Thursday, March 22, 2007

The disappeared get a trial

Before they are completely erased.

Photo Sharing and Video Hosting at Photobucket

Trials starting at Guantanamo:

The Pentagon is launching its first trials of long-term detainees at Guantanamo. The trials will take place before military tribunals, which grant very few rights to defense attorneys. Ironically, it became clear long ago that the overwhelming majority of the prisoners at Guantanamo were not terrorists.

[snip]

For half a decade, the prisoners at Guantanamo have been in a state of legal limbo as they awaited their trial, but now the Americans are set to try the first of 385 prisoners still being held at the US military enclave on Cuba. The first group of prisoners arrived in Guantanamo in January 2002 dressed in orange overalls with hoods covering their heads.
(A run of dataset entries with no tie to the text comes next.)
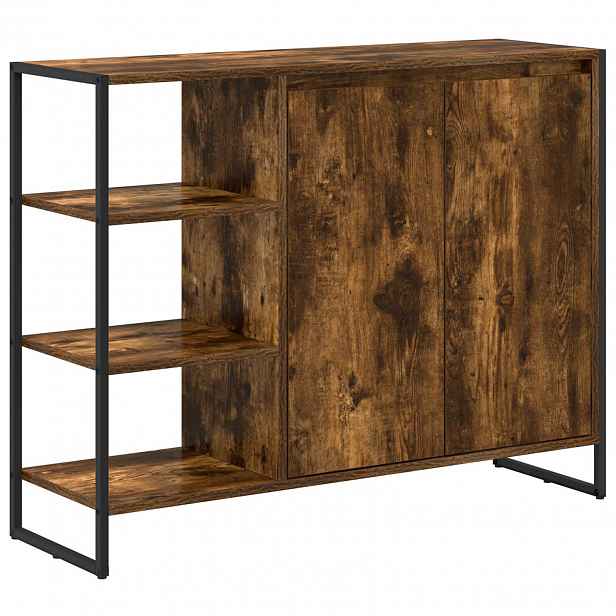 vidaXL Boční skříňka Kouřový dub 96,5 x 30 x 75 cm Kompozitní dřevo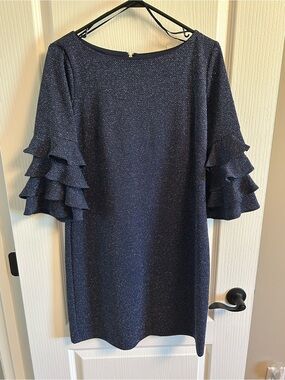 Glamour Navy Sparkle Ruffle-Sleeve Shift Dress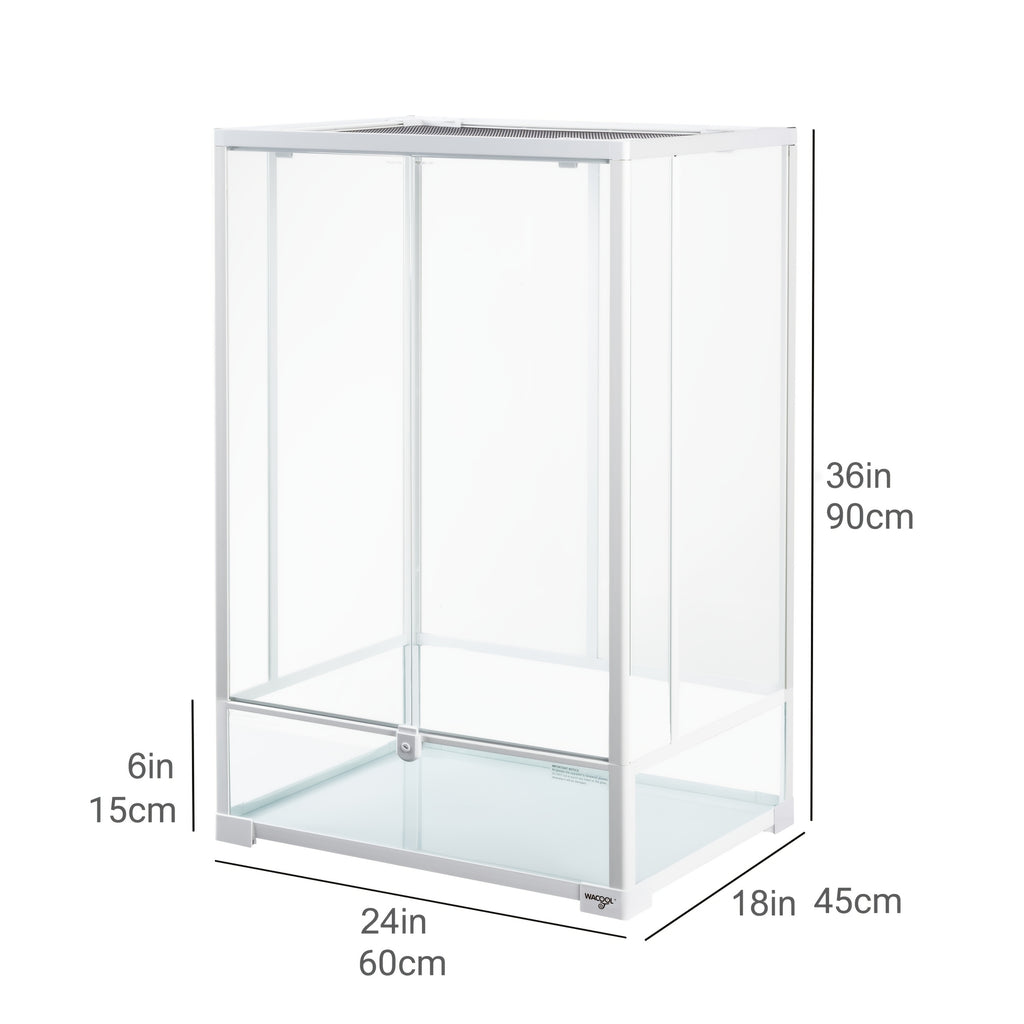 WACOOL 67 Gallon Tall Reptile Terrarium, Vertical Tank with Full Tempered Glass, Double Front Opening Door & Top Mesh Lid – Spacious Habitat for Lizards, Amphibians, and Reptiles (Knock-Down Design)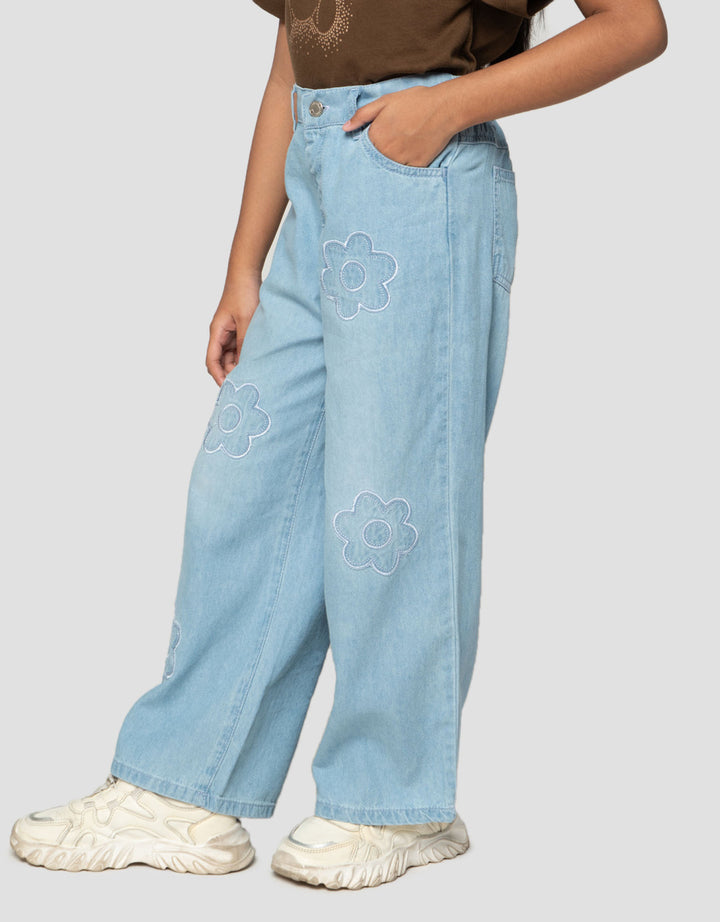 Little M Wide Leg Patch Bunga Celana Anak Perempuan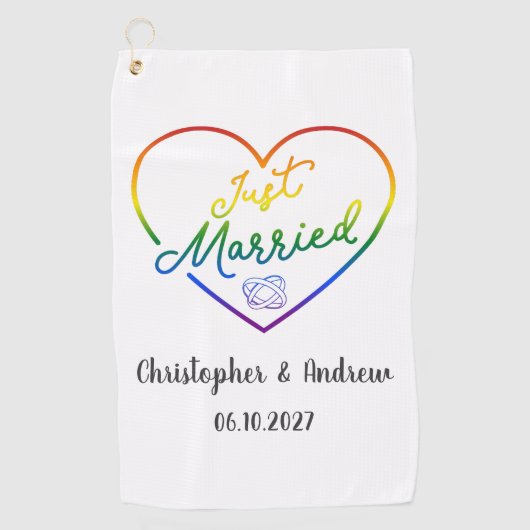 Just Married III - LGBTQ ウェディング ゴルフタオル (正面)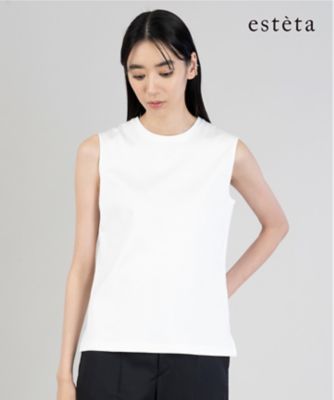 esteta (Women)/エステータ 【エステータ】スーピマコットン プレミアムジャージー ノースリーブTシャツ(KKH8CM0931)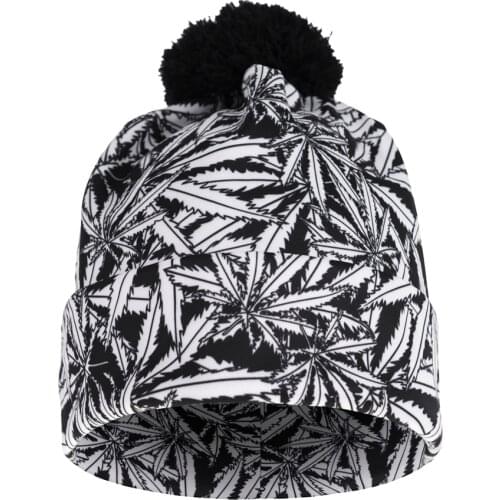 FCCEXIO 2019 New Autumn and Winter Women 3D Printed Gray Weeds Warm Pompon Hat Beanies Unique Colorful Nice Knitted Hat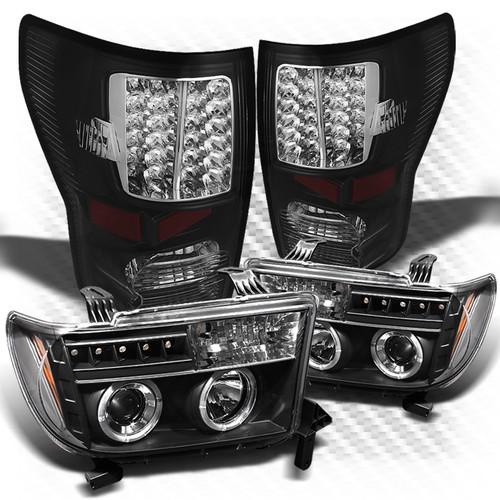 07-13 tundra black halo led projector headlights + led perform tail lights combo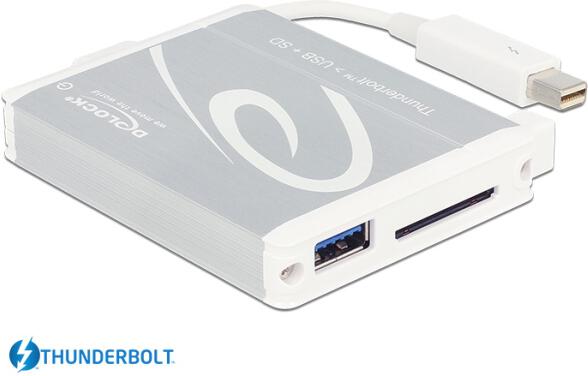 Delock Thunderbolt™ Adaptér > 1 x USB 3.0 Type-A samice + SD UHS-II čtečka karet (91723)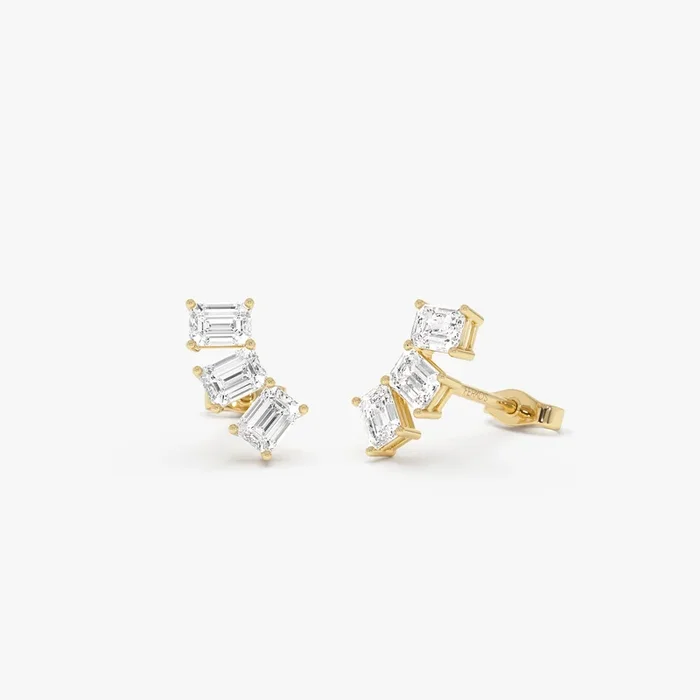 1.20 Ctw Lab Grown Emerald Cut Diamond Stud Earrings – Alba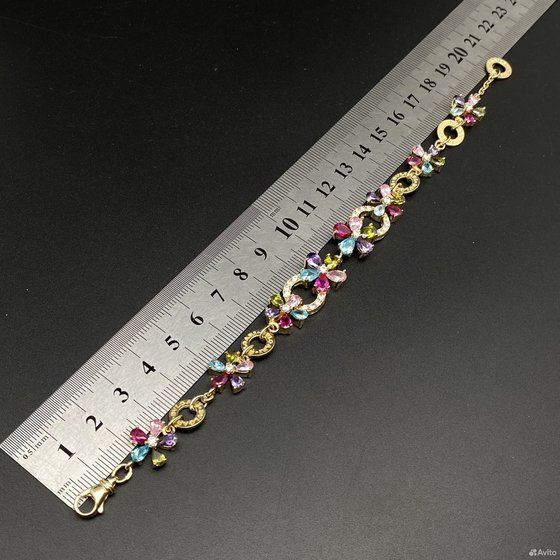 Золотой браслет с камнями 585пр. длина: 21 см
Former US Secretary of Defense Donald Rumsfeld called them "the worst of the worst," presenting the world with the pictures of men cowering on the ground as a victory in one stage of the war on terror.

[snip]

Since establishing the camp in 2002, the Bush administration has released close to 300 of the roughly 770 prisoners with the explanation that they were "no longer enemy combatants" -- as if being imprisoned at Guantanamo had somehow had a cathartic effect on them. There have been many suicide attempts at the camp since then, three of them successful.